サスペンディッドルーピングコースター
BLACK OUT(ブラックアウト)
     
ブラックアウトは1995年にオープンした、吊り下げ式コースターです。F2(那須ハイランドパーク)、ハリケーン(ルスツリゾート)、NIO(三井グリーンランド)と同型です。

製造元はオランダのVekoma社で、日本での設置はサノヤス・ヒシノ明昌社が行っています。

ブラックアウトの全景

   
   
駅舎にあるレイアウト図

       

〜〜コースレイアウトの詳細〜〜

主なコンポーネントは(2)の「ループ&スクリュー」と(4)の「ループ&ターン」、それと(5)の「2回転キリモミスクリュー」の3つです。(この名称は前の写真にあるように、乗り場に掲示してあった公式名称です)

「ループ&スクリュー」は垂直ループの頂点部で1回のひねり回転(スクリュー状)が入るという凝ったもの。「ループ&ターン」というのは、前半がコブラターンの半分で、後半が水平ループ、これを合わせた複合ループ。

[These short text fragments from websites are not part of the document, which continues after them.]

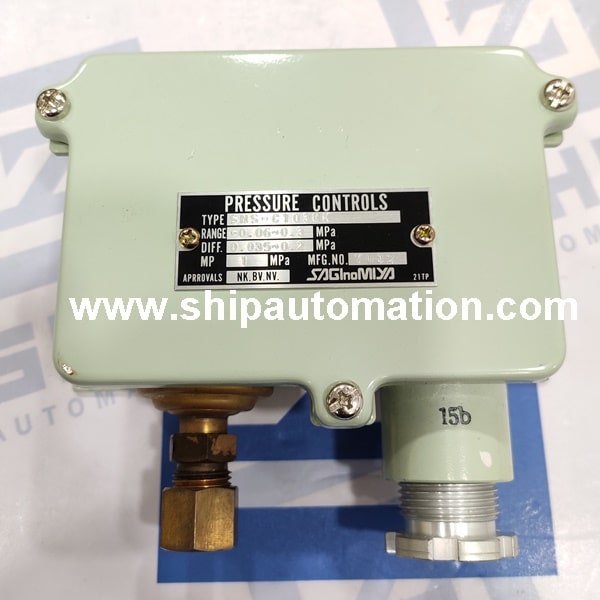 Saginomiya SNS-C103 WK | Pressure Controller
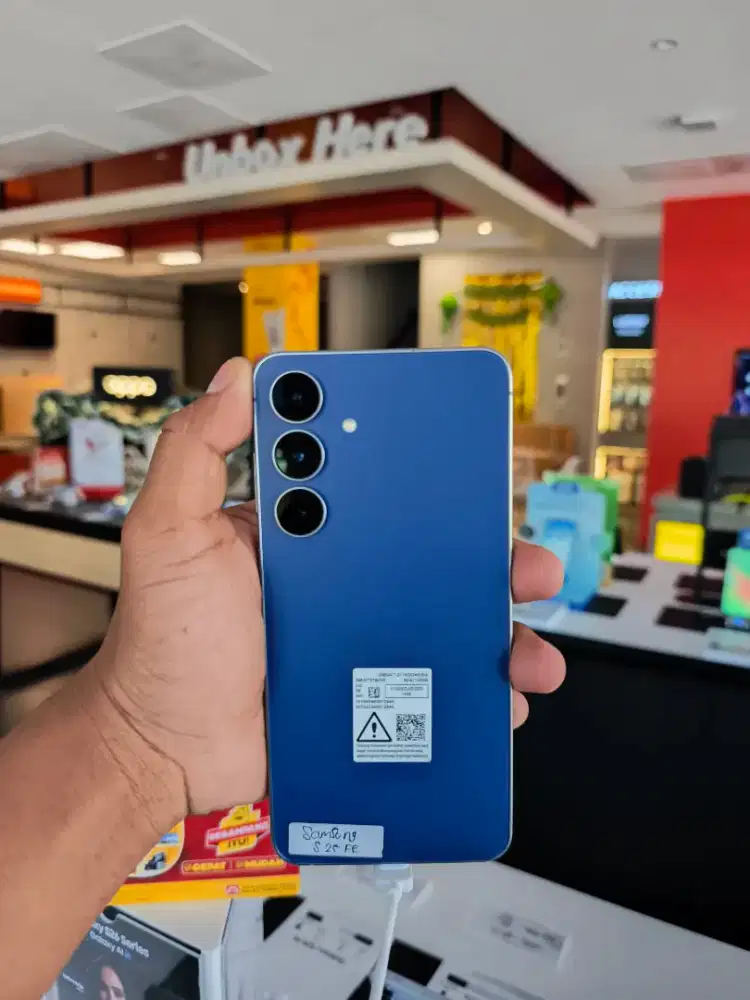 SAMSUNG GALAXY S25FE CICILAN 0% TENOR 12 MODAL KTP SAJA TANPA DP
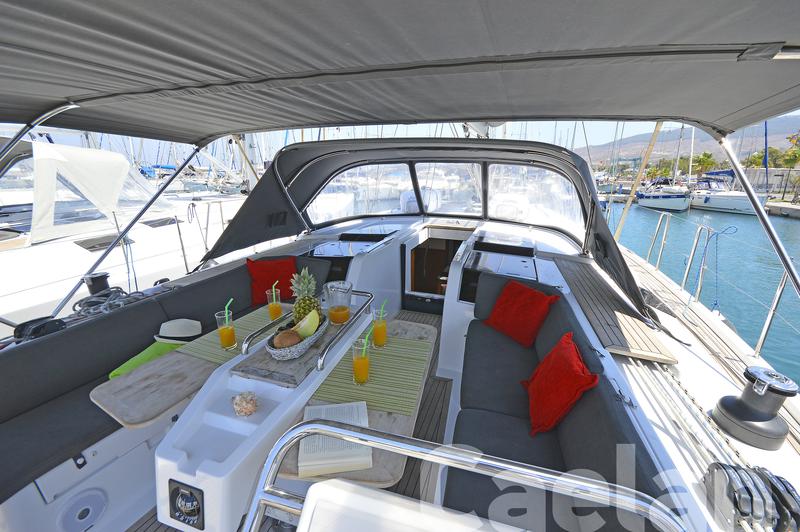 Book yachts online - sailboat - Hanse 505 - Caelan of Lorne - rent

「2回転連続のスクリュー」は、ピレネーやオロチにもないもので、これら多彩なレイアウトはピレネー、オロチと比べても、まったく引けをとりません。

             

   
スタート駅舎

かなり質素な駅舎です。上の看板も何故か控えめ。
「中味で勝負」ということなのでしょうか?

  
  

駅舎の位置は、右にあるスペースショット側からは1段下がったところ、左のマッドコブラ側からは、コースの下をくぐってその奥、といった場所で、何だか「袋小路の先の行き止まり」みたいなイメージの場所です。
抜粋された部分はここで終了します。